While the Responsibility to Protect constitutes a primary obligation of states towards their own populations, the failure to fulfil this obligation may trigger the international community’s right – exercised through humanitarian intervention – to step in and protect those populations.
In response to the debates that emerged during the interventions of the 1990s in Rwanda and the former Yugoslavia, the International Commission on Intervention and State Sovereignty (ICISS) produced the non-binding “Responsibility to Protect” (R2P) report in 2001 (hereinafter “the Report”, “R2P Report” or “ICISS Report”). Although this report was not directly adopted by the UN General Assembly as a legal instrument, it has since been cited (See: paras 138-139 of UN World Summit Outcome 2005, SC Resolutions 1674, 1706, 1973) as a basis for numerous actions undertaken by UN bodies including the General Assembly and the Security Council and by the states, individually. The report, which effectively outlined the framework for humanitarian intervention, also implied another key concept: the spill-over doctrine.
- Humanitarian Intervention and Spill-Over
Humanitarian intervention focuses directly on halting grave human rights violations within a state, typically justified to protect civilians from crimes as genocide. In contrast, the spill-over doctrine addresses internal crises that cross borders and threaten regional or international peace and security. While both may lead to international action, their primary legal justifications and objectives differ. The conditions, thresholds, and implications of these two concepts are distinct.
As will be elaborated below, it is widely accepted today that severe human rights violations are likely to extend beyond a state’s borders. This perspective treats spill-over as a complementary element that reinforces the justification for intervention in cases of grave human rights abuse. Indeed, in Resolution 1973, it was emphasized that the internal violations in Libya risked spilling over. Furthermore, spill-over was effectively used as a supplementary factor to reach the threshold required for humanitarian intervention.
Therefore, spill-over functions less as an independent ground for intervention and more as a complementary factor reinforcing the justification for humanitarian intervention.

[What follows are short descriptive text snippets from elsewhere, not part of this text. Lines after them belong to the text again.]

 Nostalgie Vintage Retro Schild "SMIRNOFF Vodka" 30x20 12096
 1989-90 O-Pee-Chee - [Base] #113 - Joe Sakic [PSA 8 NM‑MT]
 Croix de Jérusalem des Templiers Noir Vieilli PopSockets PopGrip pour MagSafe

Since the spill-over concept has not yet found sufficient practical application, there is no clear certainty regarding its essence, legal basis, conditions or procedures. This paper will briefly examine all these elements to properly understand the concept.
- The Essence of the Concept: Humanitarian Safeguard or State-to-State Responsibility?

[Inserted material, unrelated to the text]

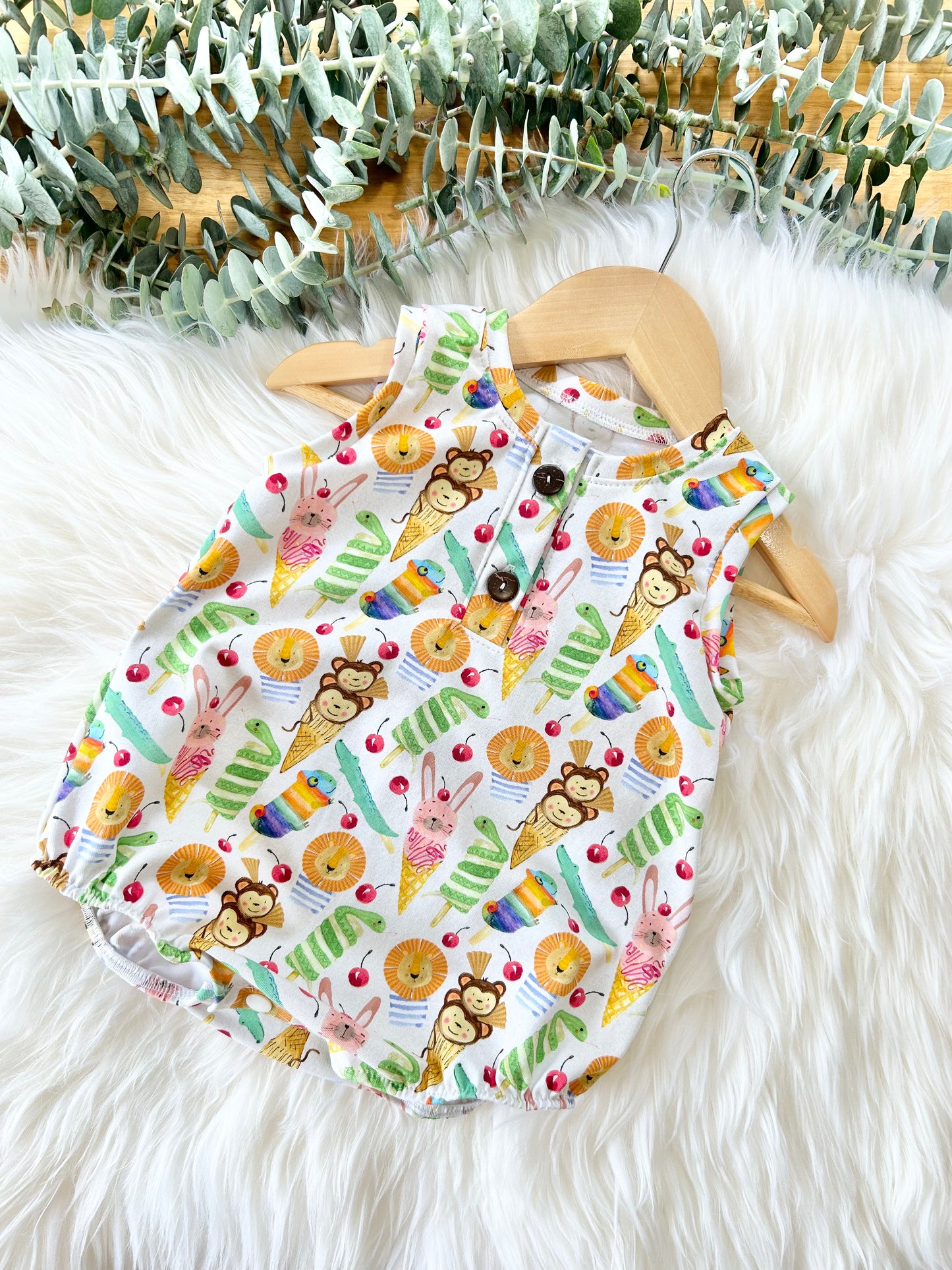 Adorable Baby Breezy Romper: Animal ice creams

The spill-over theory essentially covers situations in which a domestic issue transcends national borders and causes harm to the surrounding region and the broader international community.
From this perspective, it is necessary to examine what distinguishes such situations from an ordinary internationally wrongful act. Under international law, the existence of fault is not a prerequisite for a state to incur responsibility; therefore, if an act within a state’s sovereign domain causes harm to another state, the injured state may make a claim for reparation. At this point, what differentiates a spill-over situation from a typical wrongful act is that the spill-over involves harm to fundamental human rightsand that the gravity of this harm gives rise to heightened international concern. (see: R2P report, page XI)

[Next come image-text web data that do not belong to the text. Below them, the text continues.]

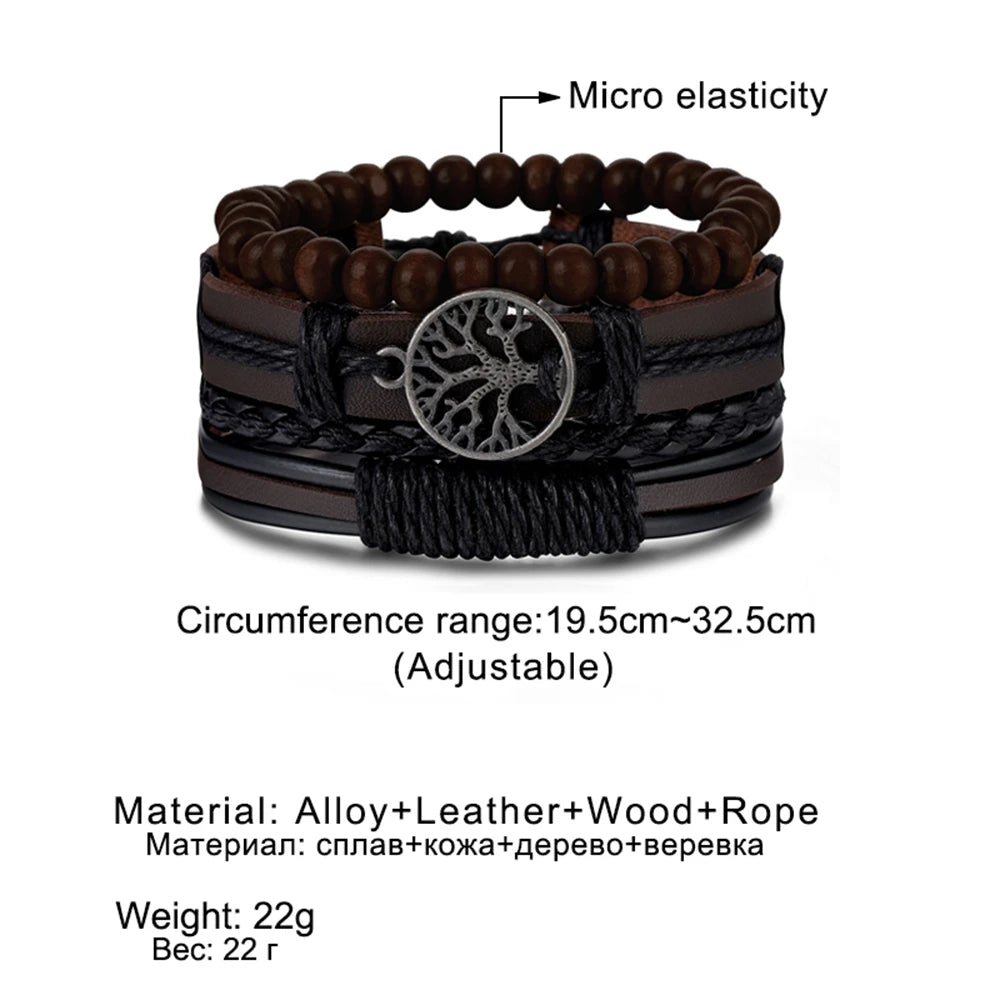 IFMIA 3/4Pcs Set Braided Wrap Leather Bracelets for Men – Vintage Life Tree & Rudder Charm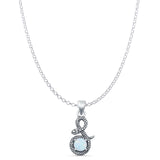 Round Lab Created White Opal Snake Pendant Rolo Chain Necklace Oxidized 925 Sterling Silver
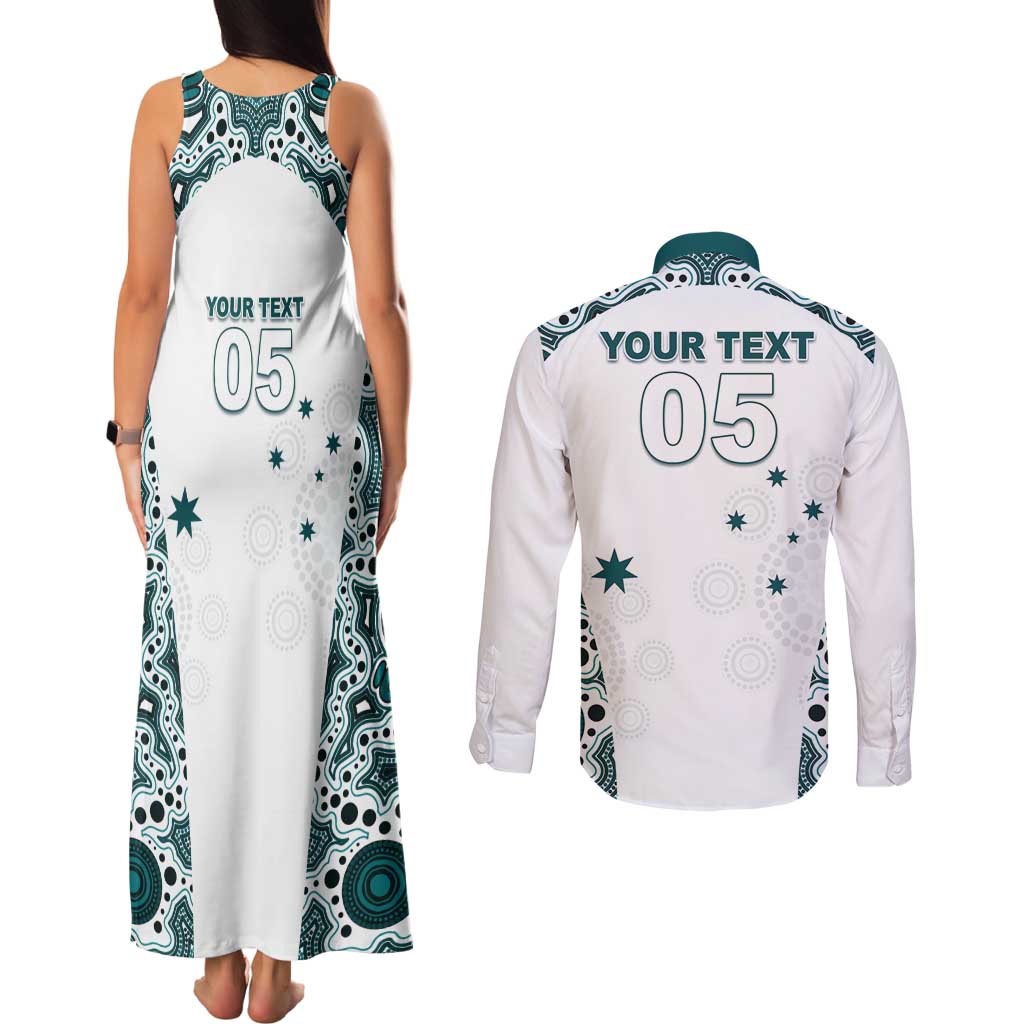 Custom Australia Rugby 2026 Couples Matching Tank Maxi Dress and Long Sleeve Button Shirt Go Wallabies Aboriginal Pattern White Version - Aussie Hoodie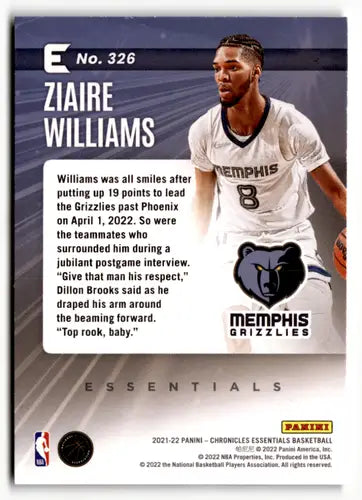 Ziaire Williams basketball card from Panini Chronicles 2021-22 with original gloss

In conclusion, a spill-over situation has a dual character: on the one hand, it is a humanitarian safeguard; on the other hand, it involves a domestic matter giving rise to responsibility by causing harm to other states or risking it.
- The Legal Basis
- R2P Report (2001)
The spill-over doctrine is, by its intended purpose, aimed at the protection of human rights. The R2P Report, when introducing this concept, frames it as a form of humanitarian safeguard. However, upon closer examination, it becomes apparent that the doctrine is more concerned with protecting the rights of affected neighboring states than with the transboundary spread of human rights violations.
This shifts the concept away from its humanitarian character and brings it closer to the realm of classical responsibility. While the initial sections of the report support the concept’s nature as a humanitarian safeguard, its later parts and practical application reveal features that resemble the classical responsibility regime. This duality renders the concept ambiguous and undermines legal certainty.
As we begin to examine the relevant sections of the report:
(1) Basic Principles
- State sovereignty implies responsibility, and the primary responsibility for the protection of its people lies with the state itself.
- Where a population is suffering serious harm as a result of internal war, insurgency, repression or state failure, and the state in question is unwilling or unable to halt or avert it, the principle of non-intervention yields to the international responsibility to protect.
These principles directly aim that the state’s responsibility. However, it does not claim any evidence of a spill over situation.
Subsequently, the report addresses the international -mostly regional- consequences of domestic violations on the example of Rwanda:
‘…Its consequence was not merely a humanitarian catastrophe for Rwanda: the genocide destabilized the entire Great Lakes region and continues to do so. In the aftermath, many African peoples concluded that, for all the rhetoric about the universality of human rights, some human lives end up mattering a great deal less to the international community than others.” (Para 1.1.)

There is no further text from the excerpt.